__THE INPUT__.
────────────────────
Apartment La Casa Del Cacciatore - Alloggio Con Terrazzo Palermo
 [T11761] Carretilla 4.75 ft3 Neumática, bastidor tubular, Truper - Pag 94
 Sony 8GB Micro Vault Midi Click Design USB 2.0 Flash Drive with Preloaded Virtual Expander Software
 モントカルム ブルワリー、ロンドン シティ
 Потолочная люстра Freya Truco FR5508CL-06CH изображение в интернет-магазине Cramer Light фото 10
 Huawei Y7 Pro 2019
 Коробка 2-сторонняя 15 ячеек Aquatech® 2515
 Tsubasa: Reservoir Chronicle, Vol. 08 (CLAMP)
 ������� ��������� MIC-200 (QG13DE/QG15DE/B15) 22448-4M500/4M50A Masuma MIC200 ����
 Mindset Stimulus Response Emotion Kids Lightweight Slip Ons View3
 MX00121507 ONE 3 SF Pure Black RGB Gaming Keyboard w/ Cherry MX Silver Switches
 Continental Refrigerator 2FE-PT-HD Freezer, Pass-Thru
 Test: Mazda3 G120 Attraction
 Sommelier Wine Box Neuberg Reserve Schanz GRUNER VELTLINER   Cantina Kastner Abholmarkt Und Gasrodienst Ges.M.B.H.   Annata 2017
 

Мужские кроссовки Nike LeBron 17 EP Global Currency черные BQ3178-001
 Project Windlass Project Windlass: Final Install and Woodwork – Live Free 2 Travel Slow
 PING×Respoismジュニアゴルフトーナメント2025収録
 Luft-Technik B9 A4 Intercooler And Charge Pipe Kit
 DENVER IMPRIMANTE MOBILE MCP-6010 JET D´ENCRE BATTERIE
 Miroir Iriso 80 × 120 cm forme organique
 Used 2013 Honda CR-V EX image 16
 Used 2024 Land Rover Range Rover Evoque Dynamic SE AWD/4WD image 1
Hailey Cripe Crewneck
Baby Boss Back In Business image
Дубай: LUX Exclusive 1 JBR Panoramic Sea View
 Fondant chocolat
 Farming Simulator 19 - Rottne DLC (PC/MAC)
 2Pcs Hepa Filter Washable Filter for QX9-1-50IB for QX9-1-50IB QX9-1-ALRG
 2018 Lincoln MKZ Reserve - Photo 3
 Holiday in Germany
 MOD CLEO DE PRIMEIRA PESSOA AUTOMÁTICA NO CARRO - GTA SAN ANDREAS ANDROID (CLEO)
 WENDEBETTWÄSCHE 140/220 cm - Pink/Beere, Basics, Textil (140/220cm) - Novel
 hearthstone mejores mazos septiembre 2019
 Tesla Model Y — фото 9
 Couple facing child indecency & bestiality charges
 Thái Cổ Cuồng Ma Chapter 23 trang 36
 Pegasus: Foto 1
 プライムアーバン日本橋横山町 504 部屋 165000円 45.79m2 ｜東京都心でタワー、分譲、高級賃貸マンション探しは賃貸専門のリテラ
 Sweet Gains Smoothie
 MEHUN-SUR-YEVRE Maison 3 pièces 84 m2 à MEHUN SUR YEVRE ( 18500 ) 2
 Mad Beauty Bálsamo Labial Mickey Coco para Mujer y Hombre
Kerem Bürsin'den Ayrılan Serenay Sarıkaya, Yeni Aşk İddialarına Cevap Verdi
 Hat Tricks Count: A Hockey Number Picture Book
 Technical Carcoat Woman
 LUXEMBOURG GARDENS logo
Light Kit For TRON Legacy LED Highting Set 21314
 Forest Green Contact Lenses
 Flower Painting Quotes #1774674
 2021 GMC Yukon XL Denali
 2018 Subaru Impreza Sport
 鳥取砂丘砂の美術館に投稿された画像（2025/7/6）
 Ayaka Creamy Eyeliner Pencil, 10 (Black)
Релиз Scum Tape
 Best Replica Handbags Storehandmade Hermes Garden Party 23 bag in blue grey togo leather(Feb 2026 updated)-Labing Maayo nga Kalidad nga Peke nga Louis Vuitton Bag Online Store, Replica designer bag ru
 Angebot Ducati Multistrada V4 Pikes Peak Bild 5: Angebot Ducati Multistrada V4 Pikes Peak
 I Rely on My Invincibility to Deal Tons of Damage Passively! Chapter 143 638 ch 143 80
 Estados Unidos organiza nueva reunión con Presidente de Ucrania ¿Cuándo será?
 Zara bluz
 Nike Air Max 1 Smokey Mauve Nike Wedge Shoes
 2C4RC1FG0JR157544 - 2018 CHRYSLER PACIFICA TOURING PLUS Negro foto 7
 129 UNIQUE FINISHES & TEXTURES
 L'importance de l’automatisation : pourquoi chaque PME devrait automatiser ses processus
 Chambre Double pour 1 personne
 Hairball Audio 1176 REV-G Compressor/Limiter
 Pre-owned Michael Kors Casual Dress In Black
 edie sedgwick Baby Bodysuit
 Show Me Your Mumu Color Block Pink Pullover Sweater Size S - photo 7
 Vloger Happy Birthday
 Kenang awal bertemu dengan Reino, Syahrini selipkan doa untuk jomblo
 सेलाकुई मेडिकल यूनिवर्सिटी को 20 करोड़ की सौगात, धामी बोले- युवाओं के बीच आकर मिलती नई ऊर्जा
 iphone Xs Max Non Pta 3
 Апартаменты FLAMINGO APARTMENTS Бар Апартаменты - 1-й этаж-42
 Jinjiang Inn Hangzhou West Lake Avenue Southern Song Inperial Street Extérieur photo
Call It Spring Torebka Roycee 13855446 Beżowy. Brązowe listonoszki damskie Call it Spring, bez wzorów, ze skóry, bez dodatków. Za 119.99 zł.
────────────────────
__YOUR OBJECTIVE__. Among the records above, find each line containing the string "Reserve" and copy it.

__WORKED SOLUTION__.
 Sommelier Wine Box Neuberg Reserve Schanz GRUNER VELTLINER   Cantina Kastner Abholmarkt Und Gasrodienst Ges.M.B.H.   Annata 2017
 2018 Lincoln MKZ Reserve - Photo 3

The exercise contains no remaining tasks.